Vous avez le sentiment de voir Benoit Gouin souvent au cinéma? Vous avez raison! Et cet automne, il sera plutôt à la télévision. Là où le comédien ne sera pas, ce sera sur les planches.

«Depuis ma sortie du Conservatoire d'art dramatique de Québec, en 1986, j'ai joué dans au moins une pièce par année. En 2013, pour la toute première fois, je n'en ai pas fait. J'ai eu des offres qui demandaient trop d'énergie. Et j'ai senti le besoin de prendre du recul.»

Cette année, M. Gouin est très présent au cinéma. En plus du rôle du policier John Paquette qu'il interprète dans Lac Mystère, on l'a vu coup sur coup dans Sarah préfère la course de Chloé Robichaud et Premier amour de Guillaume Sylvestre.

Il est aussi de la distribution du film Gabrielle de Louise Archambault qui a été présenté il y a quelques jours, avec succès, en première mondiale au festival de Locarno. Le film sera sur les écrans québécois en septembre.

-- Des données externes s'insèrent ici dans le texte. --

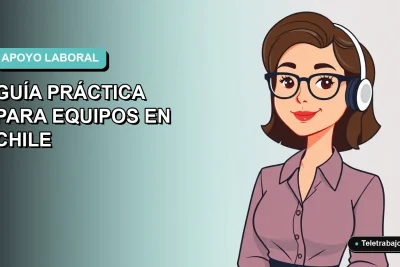Ilustración plana corporativa de una mujer profesional chilena con expresión de apoyo, sobre fondo degradado azul verdoso.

Cela dit, la présence automnale et hivernale de Benoit Gouin se fera au petit écran. On le verra dans la suite de la série DestinéesLeGentleman 3 (déjà diffusé en avant-première sur Illico) et la minisérie La marraine que la chaîne Séries+ devrait diffuser durant l'hiver. M. Gouin participe également au tournage des séries Nouvelle adresse de Richard Blaimert (SRC) et Les jeunes loups de Réjean Tremblay (TVA), qui seront diffusées ultérieurement.

Parlant de loups, c'est le titre (Les loups) du nouveau film de Sophie Deraspe dans lequel M. Gouin incarne un pêcheur. Tourné le printemps dernier aux Îles de la Madeleine, ce film mettant en vedette Évelyne Brochu sortira en 2014.